About this task: Exactly as written, write out the lines below from the first to the one containing "Welcome to Bridge 2 Hope Foundation!💜💙🤍💚", inclusive. Pictures do not belong in the copy.

Given data:
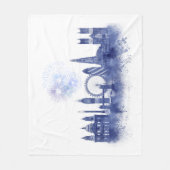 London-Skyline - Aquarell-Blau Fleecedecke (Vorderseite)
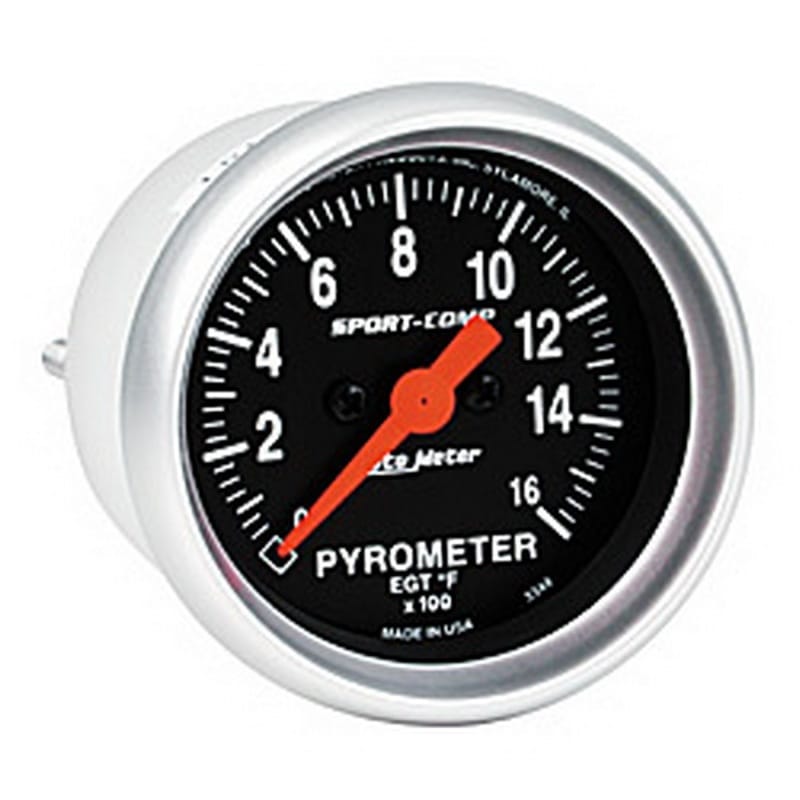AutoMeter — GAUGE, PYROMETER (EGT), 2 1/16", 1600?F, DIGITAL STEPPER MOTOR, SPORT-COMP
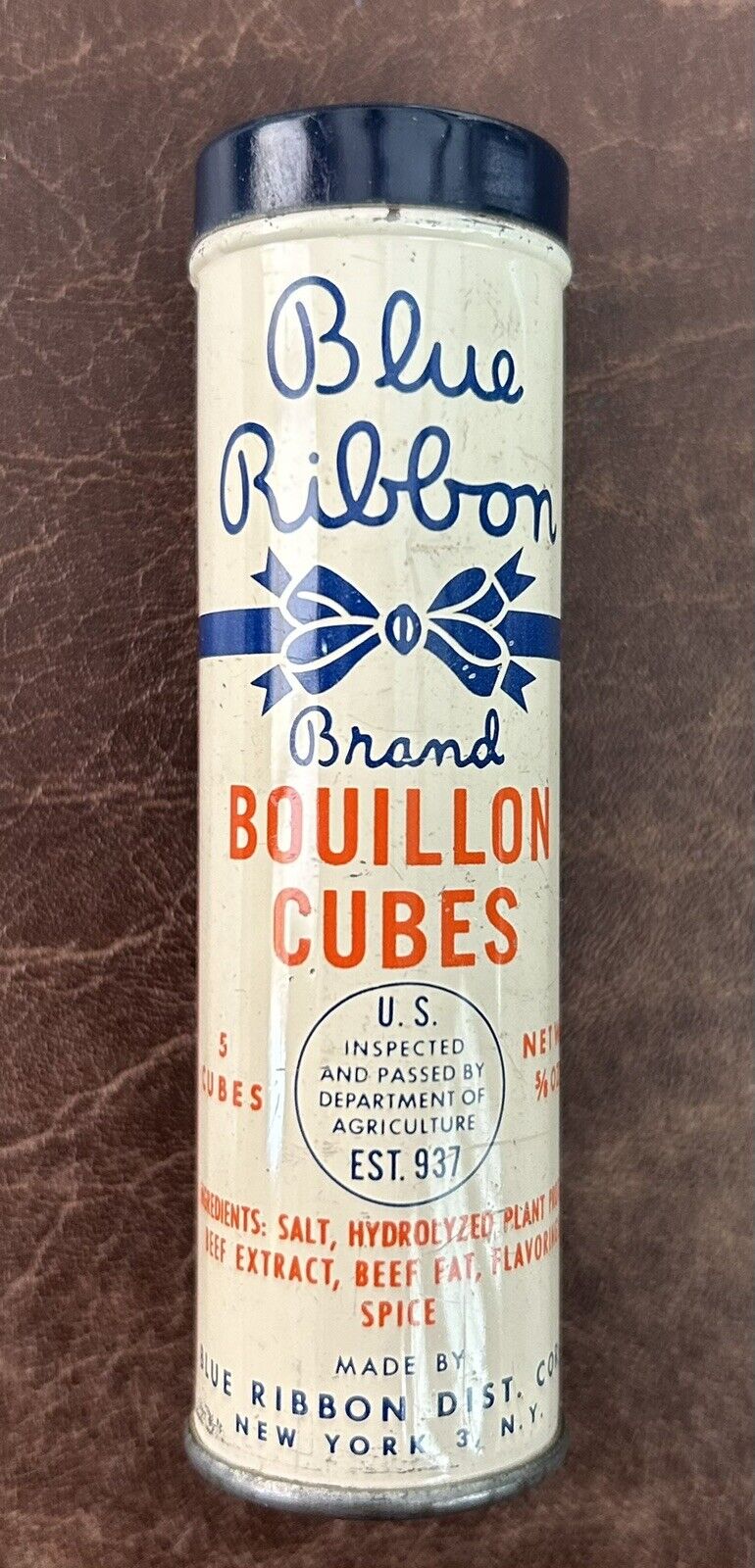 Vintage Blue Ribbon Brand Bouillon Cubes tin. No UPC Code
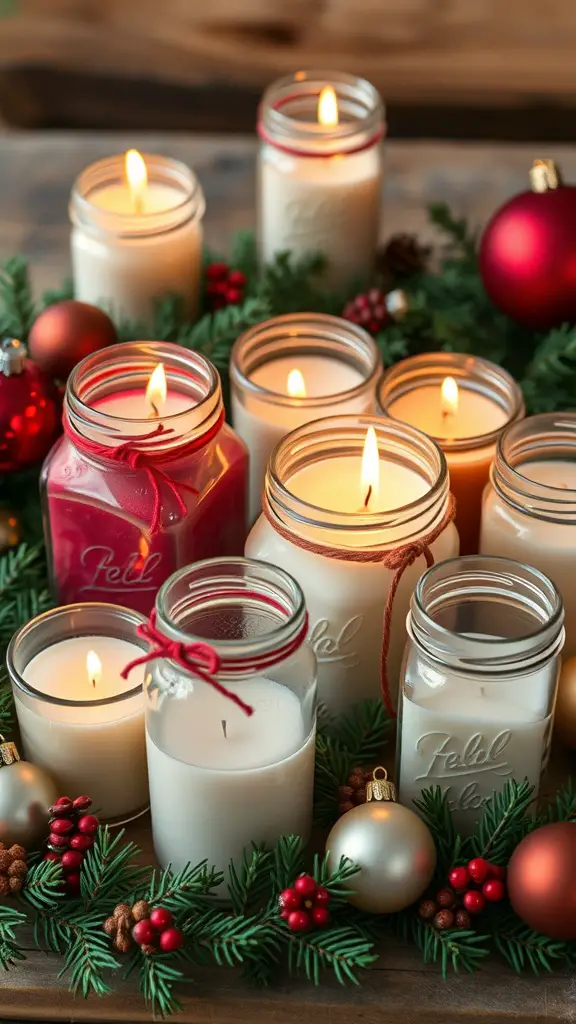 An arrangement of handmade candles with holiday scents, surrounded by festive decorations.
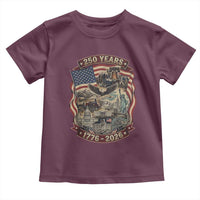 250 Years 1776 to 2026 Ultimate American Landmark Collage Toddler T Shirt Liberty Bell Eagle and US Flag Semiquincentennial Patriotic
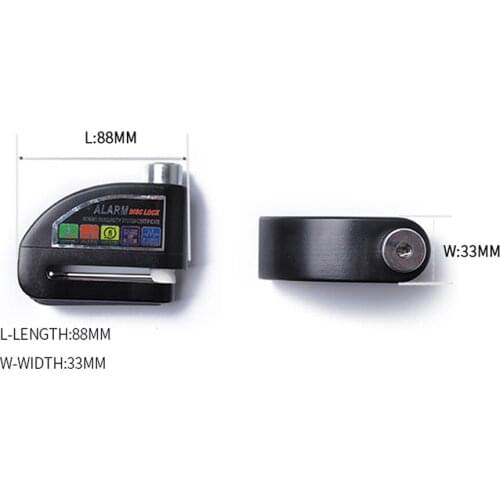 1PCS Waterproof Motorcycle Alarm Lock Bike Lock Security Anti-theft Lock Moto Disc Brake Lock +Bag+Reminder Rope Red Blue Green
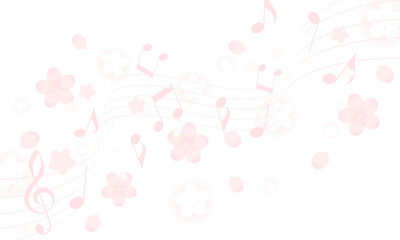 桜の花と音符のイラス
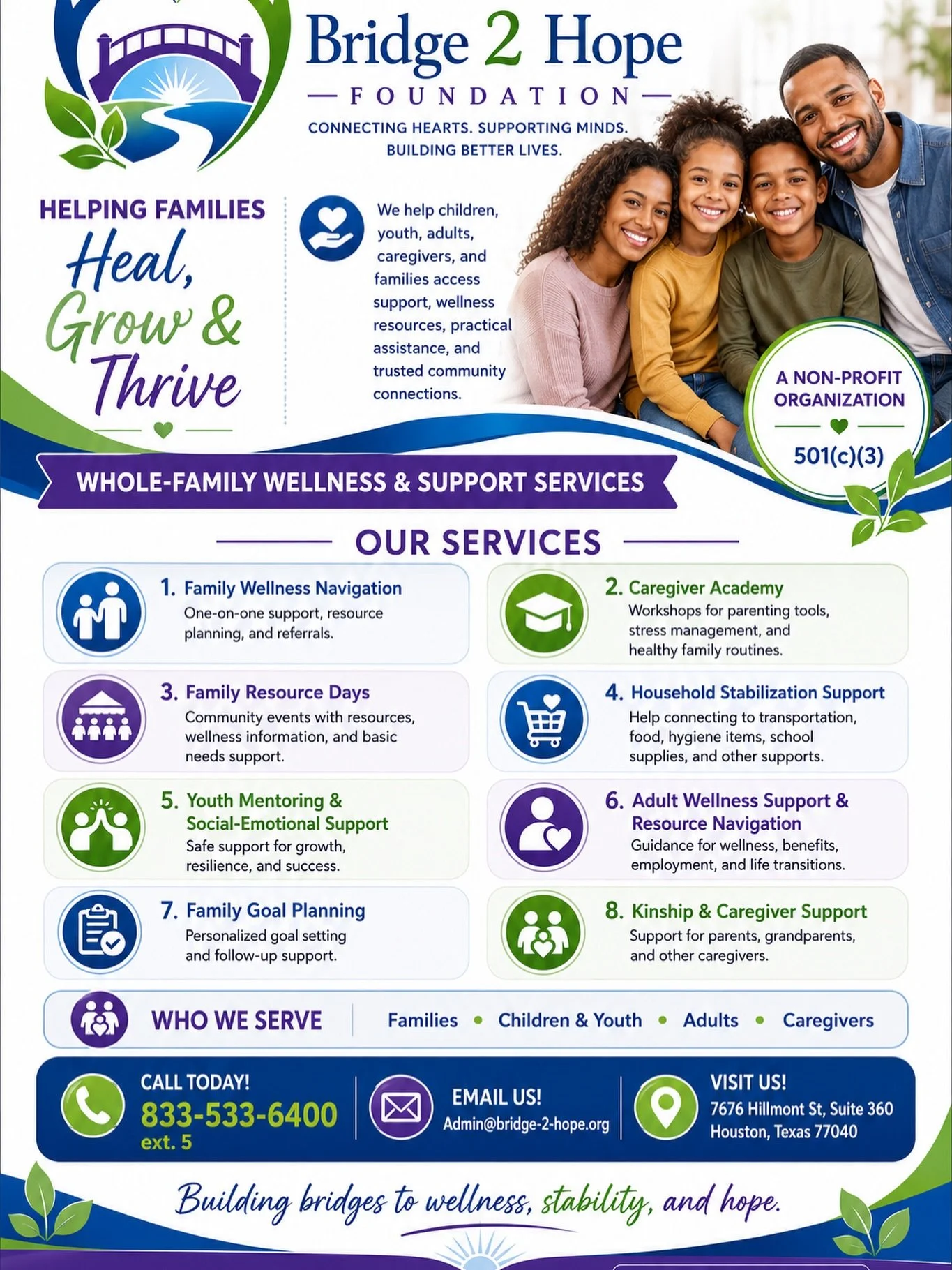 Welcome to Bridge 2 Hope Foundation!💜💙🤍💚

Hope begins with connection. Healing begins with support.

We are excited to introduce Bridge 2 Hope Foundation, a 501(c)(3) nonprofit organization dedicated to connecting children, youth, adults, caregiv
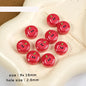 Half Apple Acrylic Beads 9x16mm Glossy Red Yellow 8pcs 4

The completed task:
 London-Skyline - Aquarell-Blau Fleecedecke (Vorderseite)
AutoMeter — GAUGE, PYROMETER (EGT), 2 1/16", 1600?F, DIGITAL STEPPER MOTOR, SPORT-COMP
 Vintage Blue Ribbon Brand Bouillon Cubes tin. No UPC Code
 An arrangement of handmade candles with holiday scents, surrounded by festive decorations.
 250 Years 1776 to 2026 Ultimate American Landmark Collage Toddler T Shirt Liberty Bell Eagle and US Flag Semiquincentennial Patriotic
 1PCS Waterproof Motorcycle Alarm Lock Bike Lock Security Anti-theft Lock Moto Disc Brake Lock +Bag+Reminder Rope Red Blue Green
 桜の花と音符のイラス
 Welcome to Bridge 2 Hope Foundation!💜💙🤍💚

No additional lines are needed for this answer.